China has surpassed the US to become the world leader in producing the highest-impact scientific research, according to new analysis based on the Web of Science (WoS) database and published in the journal Scientometrics. Experts argue, however, that China’s greater publication output and citations doesn’t necessarily mean that it is generating more high-quality science than the US and other nations.

The new study, carried out by a three-person research team from the US, Europe and China, shows that Chinese research ranked as high as or higher than US work in the top 1% of scientific studies in 2019, after passing the EU by this measure in 2015.

The team examined the WoS database, which provides comprehensive citation data for a wide variety of scientific disciplines, and found that 1.67% of scientific articles with Chinese authors were in the top 1% of the world’s most highly cited articles in 2019, compared with 1.62% of articles with US authors. In 2018, the US was slightly ahead of China.

As papers in some scientific disciplines are generally cited much more frequently than those in other fields, researchers have traditionally relied on ‘field normalisation’, which averages citation data in such a way that accounts for these statistical differences and allows two fields to be compared side-by-side. By that measurement, the US is still the leader in producing top 1% papers, but the researchers involved in the new study argue that weighting papers differently by scientific field is not useful to compare the overall impact of one nation’s science versus another.

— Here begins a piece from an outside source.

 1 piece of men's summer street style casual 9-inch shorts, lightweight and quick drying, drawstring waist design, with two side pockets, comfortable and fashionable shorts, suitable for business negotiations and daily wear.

Instead of weighting citation results differently for papers in separate fields, the new analysis combined publications in all fields and then calculated how nations compared using the raw citation data.

‘We feel strongly that we have a better way to measure the impact of research when comparing nation-to-nation output,’ said study co-author Caroline Wagner, a science policy and R&D investment expert at Ohio State University. ‘These are the works that are seen as being in the class of Nobel prize winners, the very leading edge of science,’ she continued. ‘The US has tended to rank China’s work as lower quality. This appears to have changed.’

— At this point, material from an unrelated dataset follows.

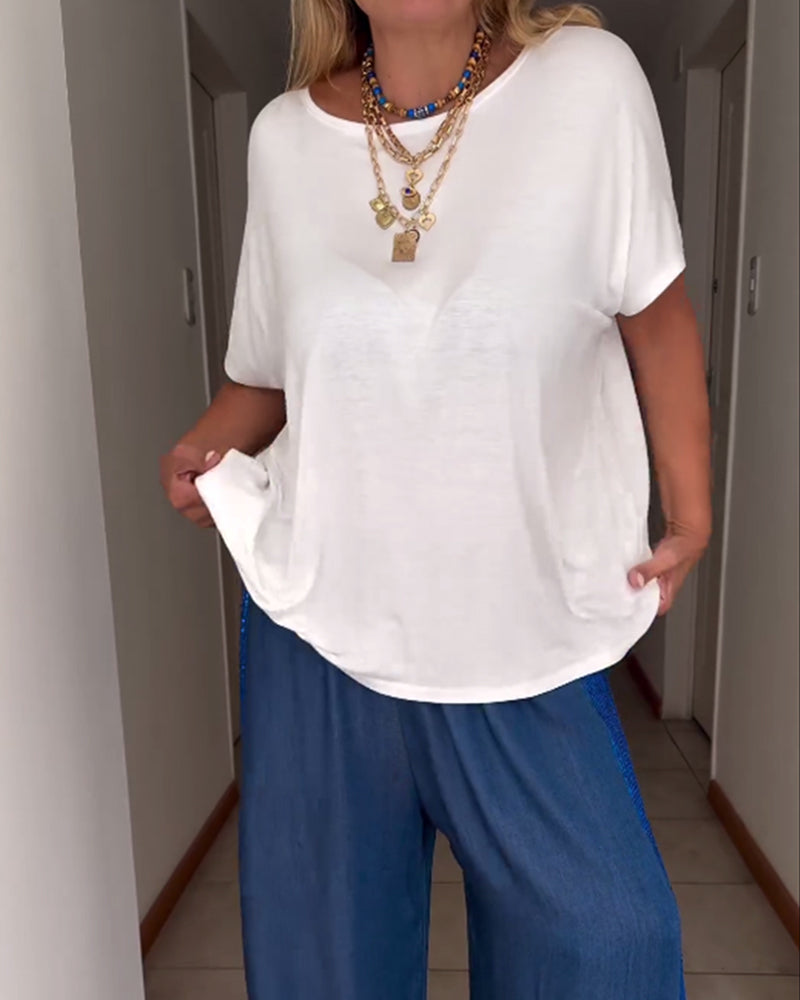 Effen T-shirt met ronde hals en korte mouwen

Innovative or incremental?

Denis Simon, who directs Duke University law school’s Center for Innovation Policy, says there are emerging pockets of scientific excellence in China. But he notes that a lot of the research performed in the country cannot be considered radical innovation or disruptive research, but rather incremental or derivative work that builds on already-established science. He also stresses that the importance of considering who is citing whom, warning that ‘citation nepotism’ can happen where people band together to bolster one another’s citation numbers.

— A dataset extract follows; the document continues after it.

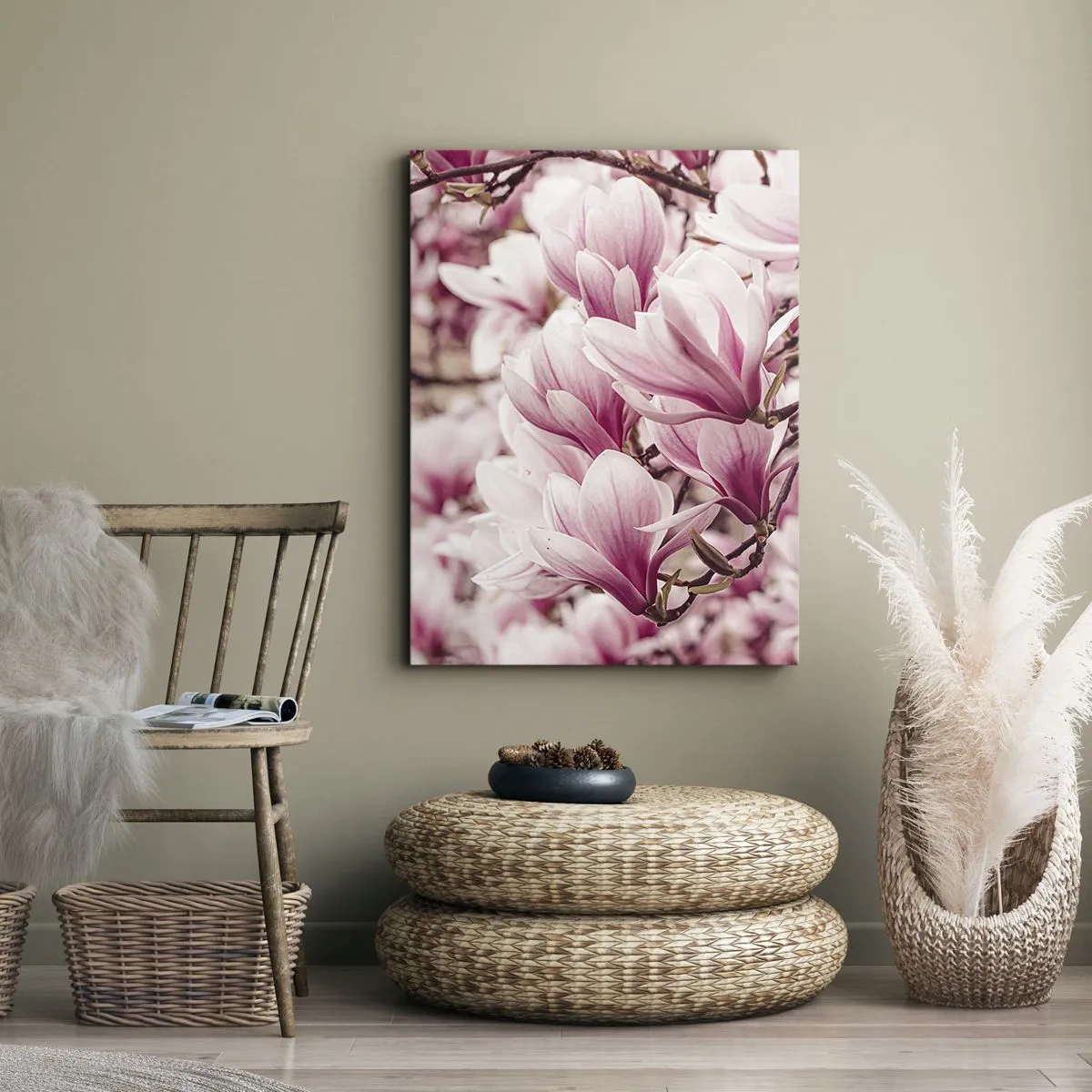 Lærredstryk - Billede på lærred - Foråret er lyserødt - 50x70 cm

Mark Cohen, director of the University of California, Berkeley’s Center for Law and Technology, is also sceptical about the new conclusions. He cautions against using non-disaggregated data on China’s scientific accomplishments. ‘Not all technology sectors are equal in value. China has long been a leader in certain fields,’ says Cohen, who has worked at the US Patent and Trademark Office as senior counsel for China. He further suggests that the Chinese data is affected by support and interventions from the Chinese government, including making promotion, tenure, PhD awards and other rewards contingent on scientific publications.

Cong Cao, an expert in China’s science, technology and innovation at Nottingham University in Ningbo China, is not surprised that China is now producing more of the most highly-cited research than any other country. ‘Given China’s increasing investment in scientific research, compounded by the country’s large pool of postgraduate students who are required to publish in WoS-indexed journals for their degrees, if this taking over did not happen in 2019, it would definitely happen in a later year,’ he says.

‘Highest-impact publications are one thing, whether these publications represent genuine breakthroughs in science is quite another,’ Cao tells Chemistry World. ‘Let’s see whether Chinese scientists will be rewarded with prestigious awards such as the Nobel prize in the coming years and decades.’

‘Although the incentives given to Chinese researchers to publish have led to an increase in the proportion of publications from China, it has also led to a large proportion of retractions from papers by Chinese researchers,’ notes research fraud expert Elisabeth Bik. ‘For me, that is the biggest concern, because it might taint – or perhaps already has tainted – the reputation of research from China. The Chinese government has to take a strong stance against fabricated research or they might quickly lose their top position in scientific research.’

In chemistry and related fields, China is performing well, according to Xiaotian Chen, an electronic services librarian at Bradley University in Illinois. He points to the US News and World Report’s recent analysis of the 2022 Best Global Universities Rankings, which is primarily based on publications, citations and research reputation by subject. Two Chinese universities are ranked in the global top 10 for chemistry, six are top 10 for physical chemistry and eight are top 10 for chemical engineering. By another measure Chinese chemistry overtook the US in 2017.